Тогда профессор наконец понимает, что ни к чему искать новые возражения, эти двое пришли сюда не для того, чтобы соревноваться с ним в искусстве убеждения.
Показное дружелюбие этого Прейса не более чем его манера предъявлять требования, оно не дает права надеяться. Итак, надо оставить все «но» и «если», надо взять пример с сестры. Быть таким же неприступным, держаться с таким же достоинством, как она — хотя бы это, хотя бы сейчас, — всю жизнь он восхищался ею за эти ее качества, восхищался еще больше, чем боялся, некоторые считали ее чудачкой. Он не доставит этим двум немецким ничтожествам удовольствия любоваться сценой отчаяния, у него спросили, нужно ли взять что-нибудь с собой, он не упадет перед ними на колени, он будет стоять прямо, как стоит перед ними Элиза. Этому нельзя, правда, научиться сразу, без привычки, но можно найти совсем будничные движения, держать в узде свое лицо, ничего особенного не произошло, самая обычная вещь на свете, заболел высокий чин, надо его осмотреть, так, каждодневная рутина, визит как визит.

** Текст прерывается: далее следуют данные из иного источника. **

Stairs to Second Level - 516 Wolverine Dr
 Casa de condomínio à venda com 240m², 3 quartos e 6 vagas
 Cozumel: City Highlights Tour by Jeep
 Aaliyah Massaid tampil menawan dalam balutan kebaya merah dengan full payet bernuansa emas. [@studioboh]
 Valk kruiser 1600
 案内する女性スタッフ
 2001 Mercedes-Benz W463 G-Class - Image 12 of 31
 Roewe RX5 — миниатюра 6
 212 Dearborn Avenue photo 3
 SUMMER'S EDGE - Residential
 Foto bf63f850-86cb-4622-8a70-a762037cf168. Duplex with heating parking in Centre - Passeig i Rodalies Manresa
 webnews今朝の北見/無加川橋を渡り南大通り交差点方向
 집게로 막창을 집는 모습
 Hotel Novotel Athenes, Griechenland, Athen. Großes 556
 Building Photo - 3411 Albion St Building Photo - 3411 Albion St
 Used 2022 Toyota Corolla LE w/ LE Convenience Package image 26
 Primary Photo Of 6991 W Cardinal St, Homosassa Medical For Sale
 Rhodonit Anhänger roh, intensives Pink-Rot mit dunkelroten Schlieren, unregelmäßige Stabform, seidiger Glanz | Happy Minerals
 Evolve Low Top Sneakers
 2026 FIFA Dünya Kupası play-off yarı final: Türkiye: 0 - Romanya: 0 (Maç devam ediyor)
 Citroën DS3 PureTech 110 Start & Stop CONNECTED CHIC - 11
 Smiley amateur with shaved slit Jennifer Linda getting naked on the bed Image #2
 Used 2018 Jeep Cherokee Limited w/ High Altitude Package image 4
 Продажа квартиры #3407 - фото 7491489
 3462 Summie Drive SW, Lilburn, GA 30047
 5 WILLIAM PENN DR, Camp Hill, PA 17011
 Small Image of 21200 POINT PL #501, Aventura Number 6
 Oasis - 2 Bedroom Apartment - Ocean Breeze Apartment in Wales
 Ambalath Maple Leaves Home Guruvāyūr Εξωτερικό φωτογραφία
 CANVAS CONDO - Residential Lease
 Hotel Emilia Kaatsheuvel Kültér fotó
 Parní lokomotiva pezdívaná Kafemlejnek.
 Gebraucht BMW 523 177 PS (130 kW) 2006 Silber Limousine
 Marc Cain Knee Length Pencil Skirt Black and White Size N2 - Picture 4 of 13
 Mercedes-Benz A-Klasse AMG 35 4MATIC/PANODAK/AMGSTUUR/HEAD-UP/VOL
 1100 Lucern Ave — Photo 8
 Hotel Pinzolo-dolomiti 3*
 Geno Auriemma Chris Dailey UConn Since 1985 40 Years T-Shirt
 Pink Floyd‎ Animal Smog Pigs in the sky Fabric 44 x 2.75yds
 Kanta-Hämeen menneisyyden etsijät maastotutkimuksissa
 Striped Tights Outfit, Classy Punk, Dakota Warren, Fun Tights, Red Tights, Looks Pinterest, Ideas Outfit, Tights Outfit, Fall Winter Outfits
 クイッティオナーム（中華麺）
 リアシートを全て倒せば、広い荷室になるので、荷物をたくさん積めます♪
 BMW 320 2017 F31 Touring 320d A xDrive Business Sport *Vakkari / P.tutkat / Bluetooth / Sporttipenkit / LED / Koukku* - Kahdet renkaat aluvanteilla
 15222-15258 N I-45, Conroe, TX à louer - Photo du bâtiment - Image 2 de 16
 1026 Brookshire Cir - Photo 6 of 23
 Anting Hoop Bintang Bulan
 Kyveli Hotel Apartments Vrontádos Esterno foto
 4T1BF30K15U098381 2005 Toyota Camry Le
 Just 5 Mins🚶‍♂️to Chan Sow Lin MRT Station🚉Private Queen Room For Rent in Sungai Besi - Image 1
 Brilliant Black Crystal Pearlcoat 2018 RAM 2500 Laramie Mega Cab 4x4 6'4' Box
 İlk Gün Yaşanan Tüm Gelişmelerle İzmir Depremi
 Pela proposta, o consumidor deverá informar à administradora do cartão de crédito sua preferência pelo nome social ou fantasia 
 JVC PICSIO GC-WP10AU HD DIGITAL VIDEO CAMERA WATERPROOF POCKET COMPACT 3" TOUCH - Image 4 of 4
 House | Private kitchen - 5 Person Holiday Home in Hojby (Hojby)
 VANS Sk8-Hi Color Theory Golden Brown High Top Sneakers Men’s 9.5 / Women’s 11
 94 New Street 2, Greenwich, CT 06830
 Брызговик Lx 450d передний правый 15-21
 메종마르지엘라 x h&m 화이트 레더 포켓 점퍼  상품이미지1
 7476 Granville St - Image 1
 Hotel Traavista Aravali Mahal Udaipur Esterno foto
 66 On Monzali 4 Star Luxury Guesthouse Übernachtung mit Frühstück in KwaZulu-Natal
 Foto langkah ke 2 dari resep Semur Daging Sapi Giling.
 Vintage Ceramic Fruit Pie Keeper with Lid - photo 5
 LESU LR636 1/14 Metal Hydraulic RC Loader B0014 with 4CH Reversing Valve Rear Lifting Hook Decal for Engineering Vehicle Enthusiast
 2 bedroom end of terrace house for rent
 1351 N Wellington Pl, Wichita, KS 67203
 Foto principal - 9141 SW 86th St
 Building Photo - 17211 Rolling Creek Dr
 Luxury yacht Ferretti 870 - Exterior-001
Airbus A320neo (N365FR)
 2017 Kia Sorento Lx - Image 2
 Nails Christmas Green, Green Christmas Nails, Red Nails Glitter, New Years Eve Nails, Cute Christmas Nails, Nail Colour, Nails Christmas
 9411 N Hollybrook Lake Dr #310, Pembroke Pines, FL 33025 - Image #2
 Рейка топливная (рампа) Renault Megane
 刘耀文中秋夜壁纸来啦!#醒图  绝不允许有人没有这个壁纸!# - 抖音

— Мы правильно поняли друг друга? — спрашивает Прейс.
Профессор встает, под книжными полками закрытые ящики, он открывает один, ищет свой кожаный саквояж, коричневый, с раздутыми боками, с каким приходит к пациенту доктор.
— Он в шкафу, — говорит Элиза Киршбаум.
Он достает саквояж из шкафа, открывает его, проверяет содержимое, протягивает его Прейсу, который не считает нужным взглянуть.
— Медицинские инструменты.
— Хорошо, берите.
Элиза Киршбаум открывает шкаф, берет оттуда шарф, подает брату.
— Не нужно. На улице тепло, — говорит он.
— Возьми, он тебе понадобится. Ты не знаешь, как холодно на улице после восьми.
Он засовывает шарф в саквояж, Майер открывает дверь, предстоит попрощаться, до свидания, Элиза.
— До свидания.
Так выглядит прощание.
Потом они выходят из дому, садятся в машину, несомненно в заранее определенном порядке, Прейс и профессор сзади, Майер впереди, рядом с эсэсовской формой. Элиза Киршбаум стоит у окна, вся улица стоит у окон, но только одно открыто. Машина сразу трогает, катит прямо по плоским камням тротуара, за ней плывет бледно-голубое облачко. В конце улицы она поворачивает налево, по направлению к Хартлоффу.